Fire and Brimstone
Isn’t it time we stopped
pussyfooting around the subject of gun control? Hiding behind the 2nd
amendment ratified in 1791—a time when there were no assault weapons or 100
round magazines, but you could tie your horse up anywhere?
When are our lawmakers going to do the math? Yes, the NRA has 4 million
members who want to keep their assault weapons for hunting, but take away 4
million from 313 million and that leaves 309 million people whose health and
safety are being sacrificed so that 1.3 percent of the population can have the
freedom to shoot the other 98.7 percent of their fellow citizens, with the
weapon of their choice. .
Even reducing the argument to political terms if approximately 125
million people vote in a presidential election, and every NRA member voted,
they would represent only 1% of the ballots cast. Yet enough members of
Congress are so intimidated by this group they continue to ignore the
disturbing statistics:
29,000 men, women and children a year-- 80 each and every day--die of
gunshot wounds ( How many have we lost in Iraq and Afghanstan?) The United
States has more deaths as a result of gunshot wounds than Australia, Belgium,
Canada, France, Germany, Italy, Japan, Netherlands, Spain, Switzerland or the
UK combined; and has hosted more shooting massacres than any other developed
country. We also have the weakest laws
among all these nations.
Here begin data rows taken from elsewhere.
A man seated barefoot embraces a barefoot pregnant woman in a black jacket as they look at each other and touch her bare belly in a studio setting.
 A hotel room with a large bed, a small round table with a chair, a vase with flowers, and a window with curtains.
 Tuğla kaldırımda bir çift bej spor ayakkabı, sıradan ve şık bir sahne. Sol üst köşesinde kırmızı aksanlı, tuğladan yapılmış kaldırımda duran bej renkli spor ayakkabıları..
The NRA would have us believe there is no correlation
between the two. This is an insult to our collective intelligence.
We’re all proud to have the United States first in the world for any area
of endeavor, but first in the Western World for the possession of guns? For the
possession of assault weapons? For the number of mass murders? These are distinctions we can live without.
The time has come for a serious
National Debate, town hall discussions throughout the country and a committee
empowered to study, collate and report, in clear, understandable form, all the
data and statistics available from government agencies and private institutes relating
to death by gunfire: how many weapons are produced and sold to individuals;
what kind of weapons; where are guns sold; what state laws exist; how many
incidents are there, state by state; what kind of gun is involved in each case.
Most of this information exists today—it only needs to be pulled together and
published in one credible document, but a national debate has been thwarted over
and over again: neither President Obama or Mitt Romney are willing to talk
about what is, arguably, the most deadly problem facing the United States of
America.
It would be hard to find anyone living in this world of war and terror,
naïve enough to believe that any laws can be strict enough to totally prevent
the kind of violence we have seen in this country. Vaccines don’t prevent 100%
of the recipients from getting the disease, but we protect as many people as we
can. If, by enforcing our existing laws and enacting new laws governing the
sale and purchase of assault weapons we could save one person a day that would
be 365 fewer families mourning a lost
child or mother or father caught in the riptide of a random shooting.
We can either go on, year after year, watching friends and neighbors weep
as they build homemade memorials to victims of gunfire, or we can face up to
the fact we have a national emergency. Whether it’s 3 months before an election
or 3 months after—we cannot wait any longer. Now is the only time we have.